The message “delivered that night was prescient,” Fuller wrote in his report titled, “Colleagues of Philippine President Depict A Leader Disdainful of Daily Tasks and Hampered by Life Style.”

“The story … is about an administration that, from its first days in office, was hampered by the quirks of a president who bumped from one scandal to the next,” the Tribune noted. “[His] critical shortcoming is his inability to reconcile presidential obligations with personal excesses: his late night drinking sessions and his gambling.”

Ouster by People Power Two, arrest, detention, protracted trial and  conviction  followed. “[Ferdinand] Marcos tested the limits of political oppression and our capacity to endure it,” Institute of Asian Church and Culture’s Melba Padilla Maggay then wrote. “Estrada tests limits of moral corruption and our capacity to get roused to indignation…

But the economic fallout from the moral rot illustrates the time-honored truth: that no society can survive without a minimum of moral sense.”Indeed, “private indiscretion and immorality of leaders have tragic national results,” added  the Institute’s  Evelyn Miranda Feliciano.

Asians, therefore, insist that leaders possess “sageliness within and kingliness without” (i.e., character and competence). Many voted for Estrada as sage and king who’d reach out to those who drew life’s short straws.
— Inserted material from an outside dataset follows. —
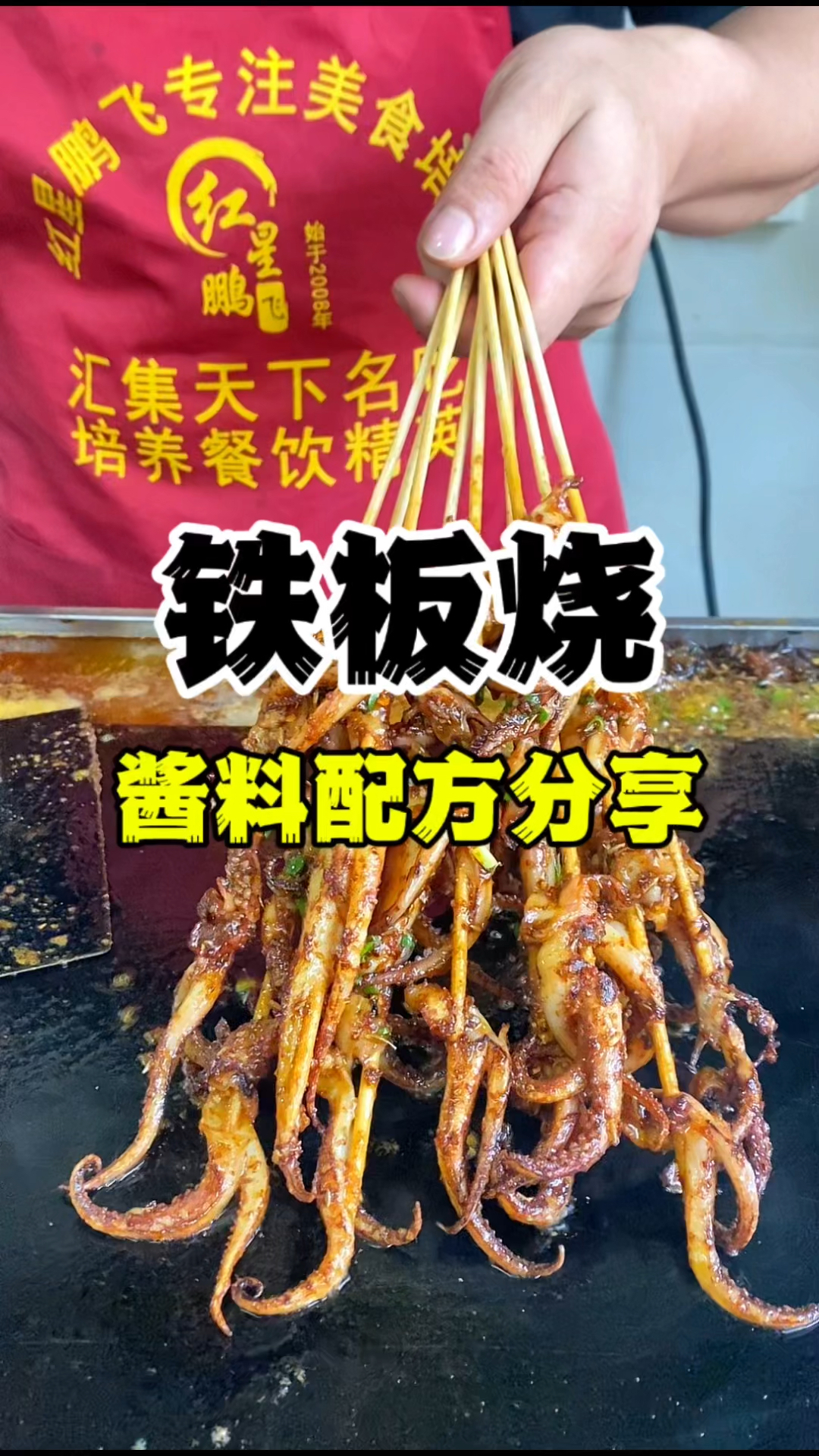 铁板烧酱料配方,铁板烧技术教学,铁板鱿鱼的做法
In a parody of  his Rizal Park address, a critic says: “An imperial carouser made it.”
Now, Erap would  brush aside all that sordid legacy.  He’ll  seek reelection. ” This is a delusion.  “Call back yesterday, “ Richard II  cried.. Bid time return.”  But it won’t. His failures and shortcoming are etched in history.
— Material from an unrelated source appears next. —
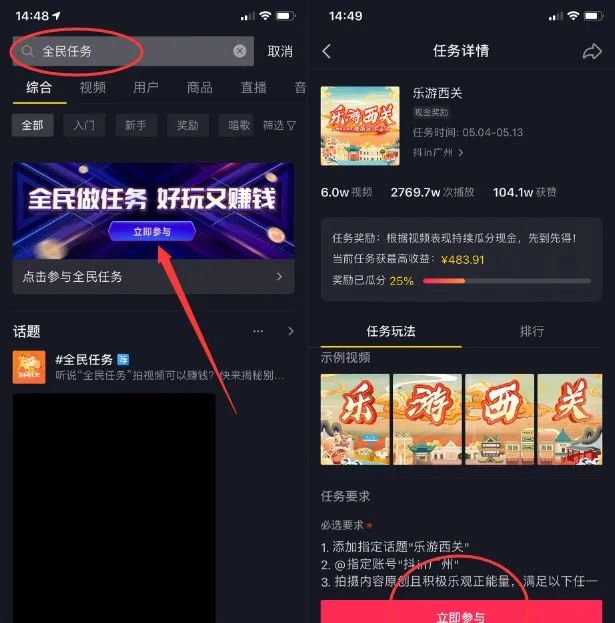 抖音賺錢的模式,無本錢快速賺錢的項目,抖音賺錢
He is betting  on people’s short memories.  The massa love him, he claims. This we have to see..  Perhaps,  Erap   needs to remember what Cardinal  Wolsey, who served Henry VIII at the cost of conscience  said on his  death bed.:

“Had I served my [country] with half the zeal / I served my  my king  [barkadas], God would not, in my old age/ Have left me naked to mine enemies.”